Zombie World
Page 10
As if it wasn’t shitty enough, he had to put up with taunts.
He turned toward them to find their expectant stares turning cautious. Or were they worried? Or full of trepidation?
Who really gives a crap anymore?
“You got something to say,” Gus grunted, “then say it.”
Desert sighed and forced a patronising, reluctant smile to her lips.
“You don’t want me to say what I have to say.”
“No, I want you to say it. I just want you to put up with what happens to you afterwards, too.”
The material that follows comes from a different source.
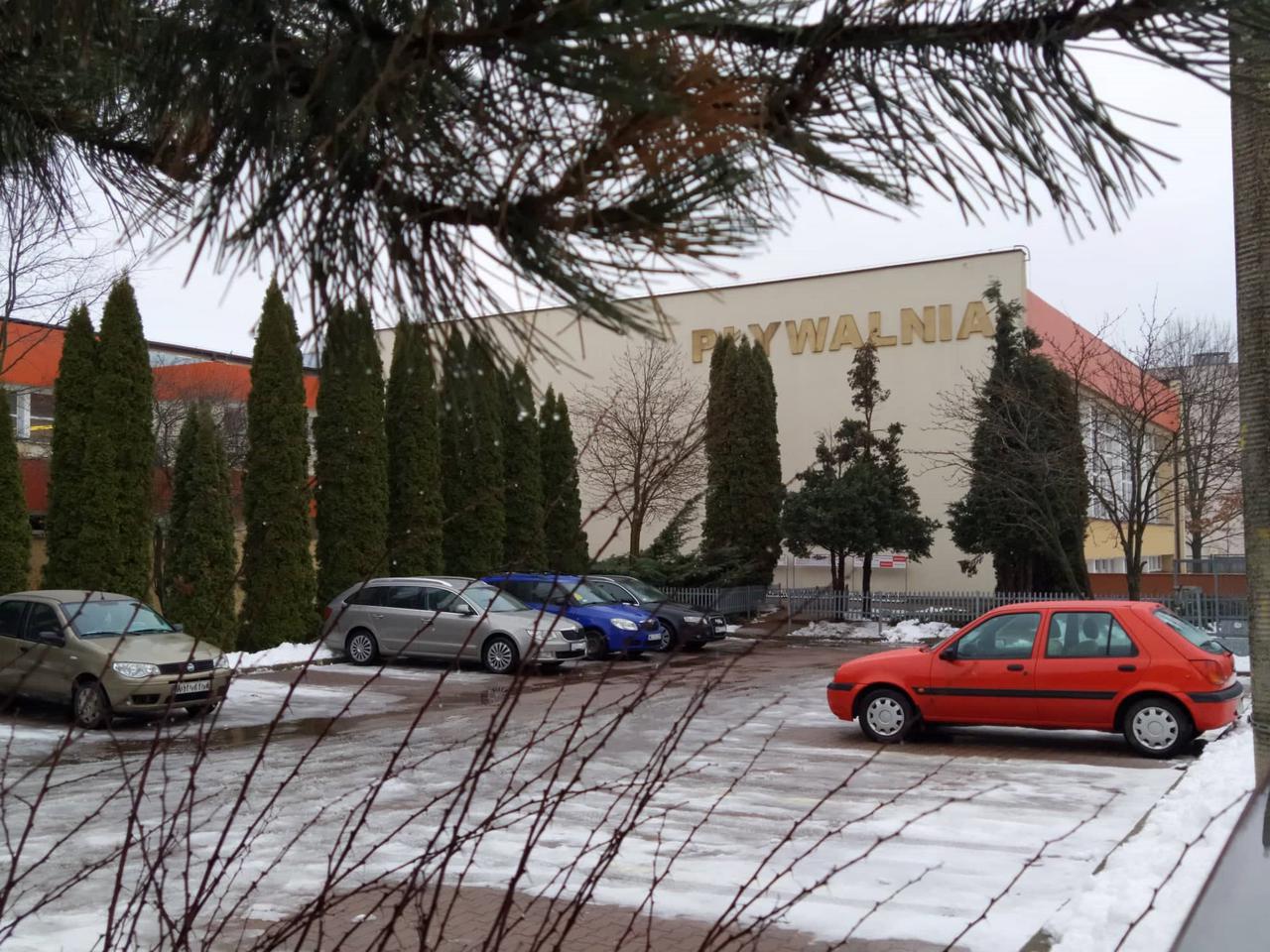 Remont basenu przy siedleckiej szkole „Ósemce” będzie droższy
Desert bowed her head. Shook it. Turned to Whizzo who sat over her shoulder, his hands in tufts of his hair and looking as exasperated as he ever had.
“You’re a liability,” Desert said. “You’re losing it.”
Gus shrugged.
“And so what if I am?”
“Don’t you think we have a few pressing issues to deal with?”
Gus shook his head and began his march out of the room.
“I’m not putting up with this shit,” he declared.
“Then now what?” Desert said, her voice weakening under her forced confidence. “Continue to bury your head in the sand as World War Three begins?”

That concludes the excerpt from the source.